**TO DO:** If a line in the records below contains the word "エクステリア", return that line.

**DATA PROVIDED:**
>>>
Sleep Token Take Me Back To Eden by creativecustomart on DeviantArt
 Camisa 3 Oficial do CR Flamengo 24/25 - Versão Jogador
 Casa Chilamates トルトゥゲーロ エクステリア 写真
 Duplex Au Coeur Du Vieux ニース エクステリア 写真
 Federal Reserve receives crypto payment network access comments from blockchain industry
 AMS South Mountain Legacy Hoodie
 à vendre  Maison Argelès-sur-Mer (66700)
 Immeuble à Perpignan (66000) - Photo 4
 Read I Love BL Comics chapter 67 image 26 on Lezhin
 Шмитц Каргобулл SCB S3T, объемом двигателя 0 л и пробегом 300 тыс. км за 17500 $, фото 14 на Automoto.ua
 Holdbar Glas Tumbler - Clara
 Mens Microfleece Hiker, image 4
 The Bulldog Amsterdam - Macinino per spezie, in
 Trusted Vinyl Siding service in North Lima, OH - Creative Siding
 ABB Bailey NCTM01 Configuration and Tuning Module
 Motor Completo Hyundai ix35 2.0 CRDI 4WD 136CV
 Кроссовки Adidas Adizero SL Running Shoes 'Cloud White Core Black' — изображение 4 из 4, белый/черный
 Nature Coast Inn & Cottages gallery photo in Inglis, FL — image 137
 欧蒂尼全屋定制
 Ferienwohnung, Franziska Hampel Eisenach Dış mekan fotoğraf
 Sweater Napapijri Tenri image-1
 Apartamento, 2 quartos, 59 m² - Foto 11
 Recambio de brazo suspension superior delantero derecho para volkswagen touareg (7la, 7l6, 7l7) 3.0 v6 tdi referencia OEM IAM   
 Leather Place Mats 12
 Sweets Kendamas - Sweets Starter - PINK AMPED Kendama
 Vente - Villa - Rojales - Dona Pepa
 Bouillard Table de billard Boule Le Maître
<<<
**RESPONSE TO THE TASK:**
 Casa Chilamates トルトゥゲーロ エクステリア 写真
 Duplex Au Coeur Du Vieux ニース エクステリア 写真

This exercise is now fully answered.